**DATA PROVIDED**:
....

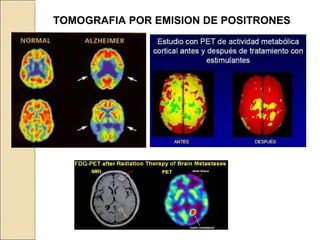 TOMOGRAFIA POR EMISION DE POSITRONES
 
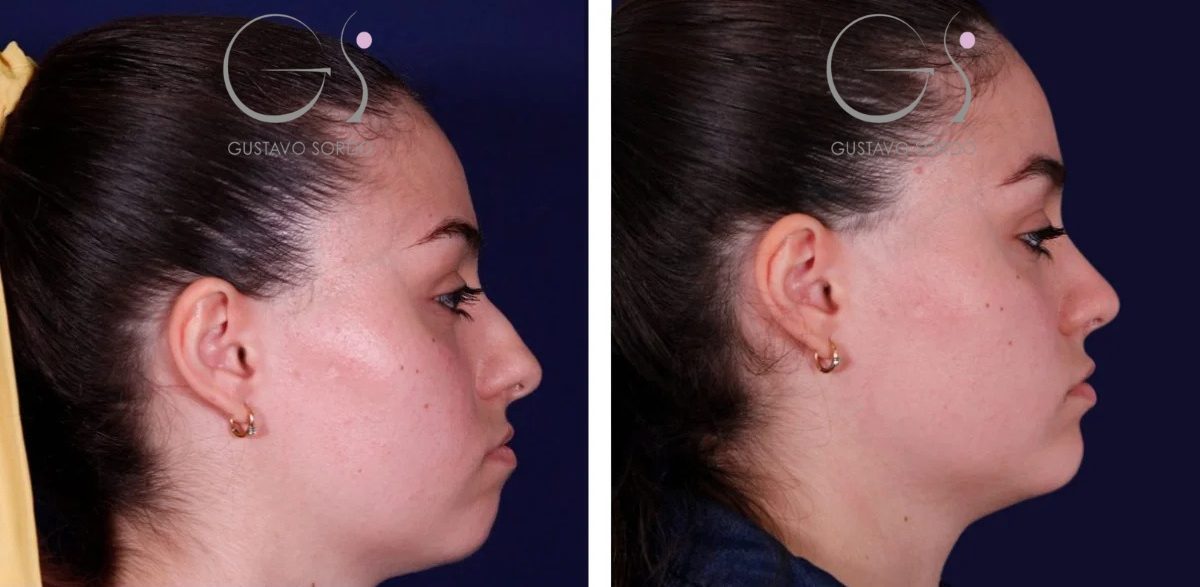 portada-rino-con-mentoplastia-r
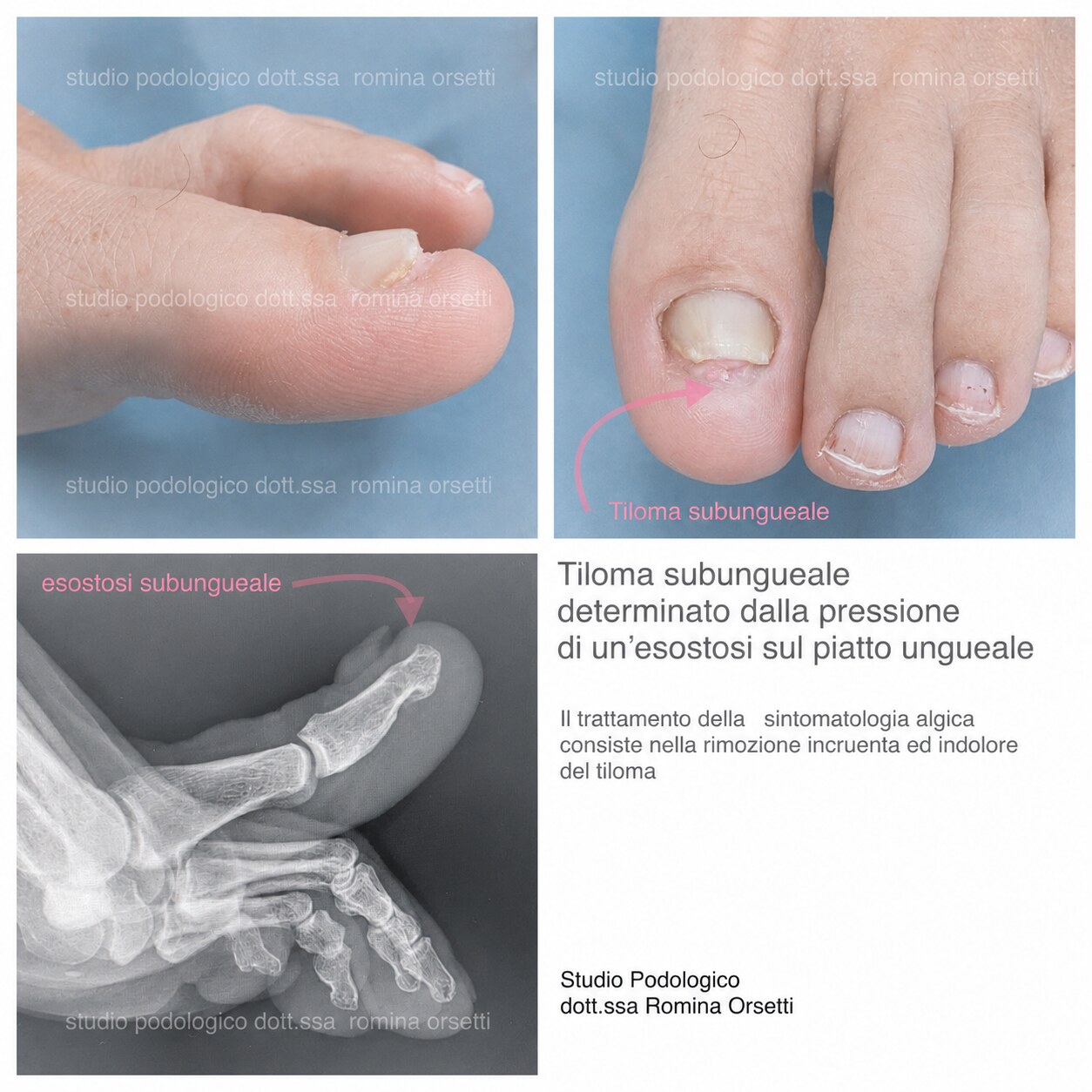 Tiloma subungueale &ndash; foto 1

....

Word for word, retype the material above without its pictures.

 TOMOGRAFIA POR EMISION DE POSITRONES
 
 portada-rino-con-mentoplastia-r
 Tiloma subungueale &ndash; foto 1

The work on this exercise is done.